» Source data
.....

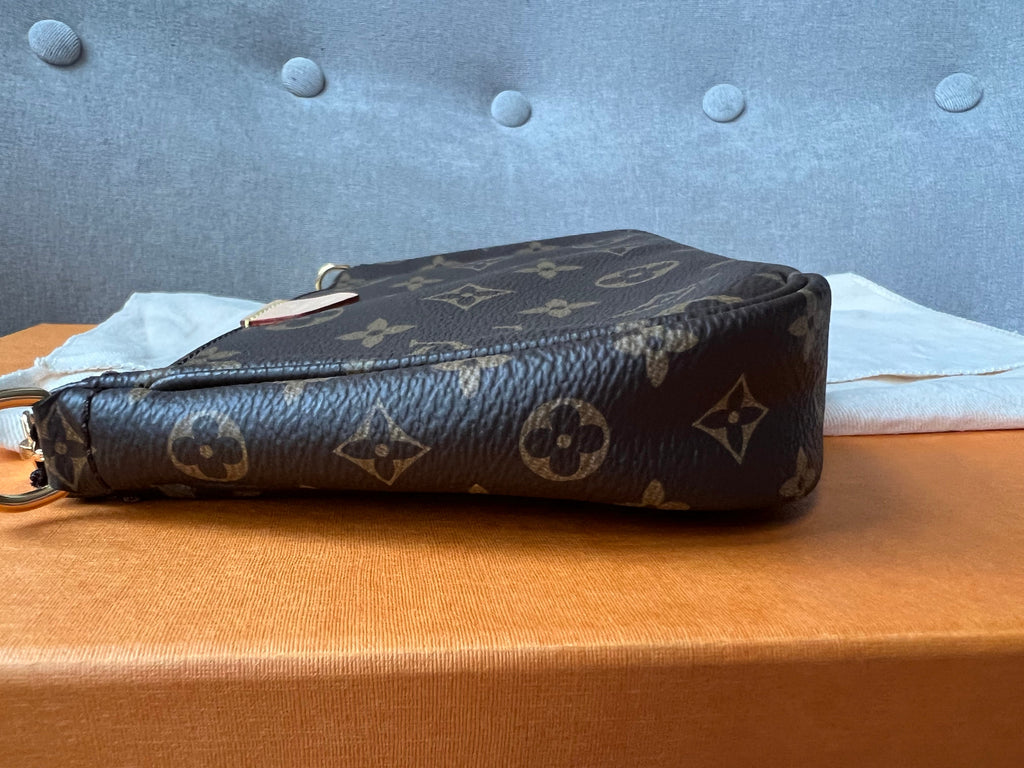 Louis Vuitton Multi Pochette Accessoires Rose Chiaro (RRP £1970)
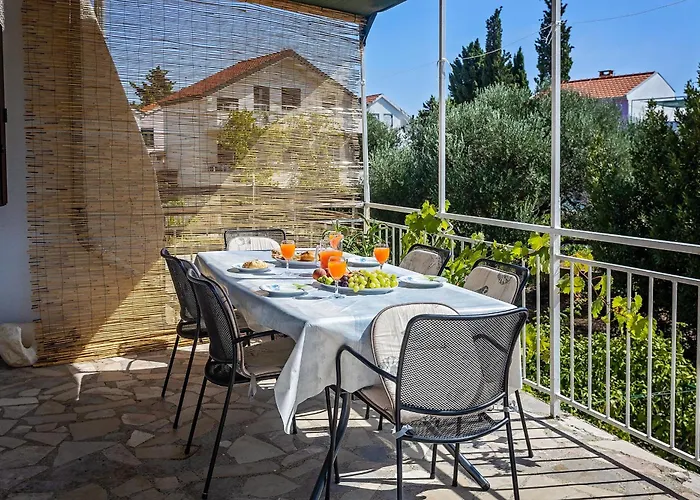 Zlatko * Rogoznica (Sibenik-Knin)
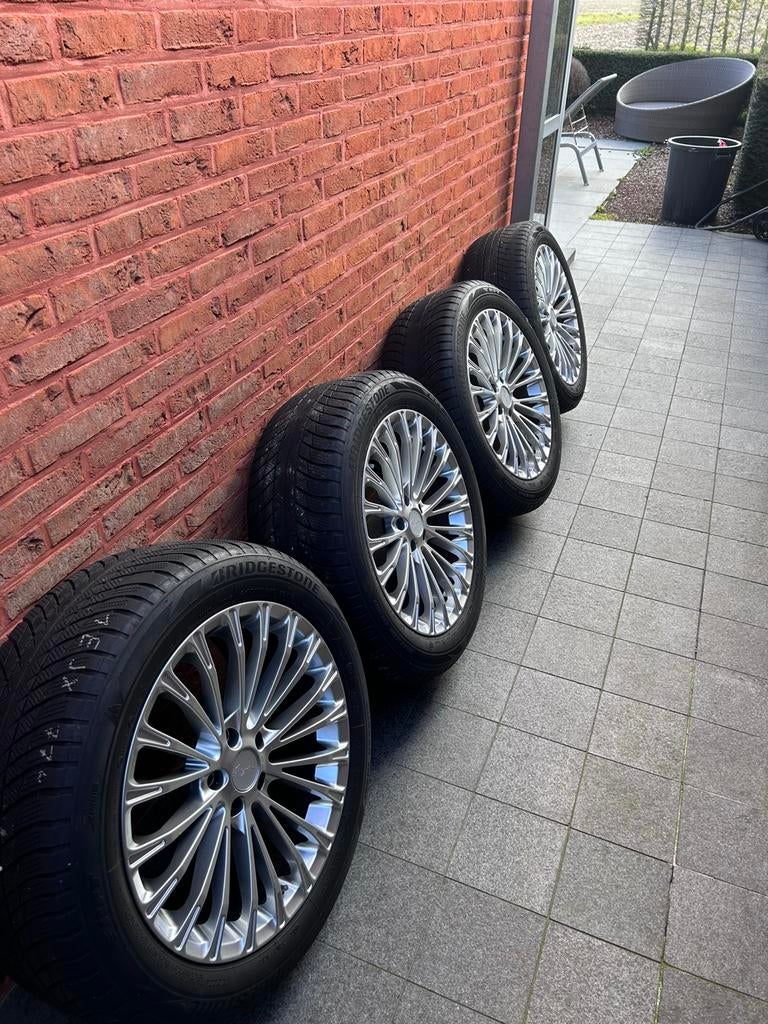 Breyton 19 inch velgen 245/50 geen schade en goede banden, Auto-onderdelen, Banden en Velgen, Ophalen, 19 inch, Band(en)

.....

» What you have to do
Retype all of the material above exactly; the pictures stay out.

» Result for this exercise
 Louis Vuitton Multi Pochette Accessoires Rose Chiaro (RRP £1970)
 Zlatko * Rogoznica (Sibenik-Knin)
 Breyton 19 inch velgen 245/50 geen schade en goede banden, Auto-onderdelen, Banden en Velgen, Ophalen, 19 inch, Band(en)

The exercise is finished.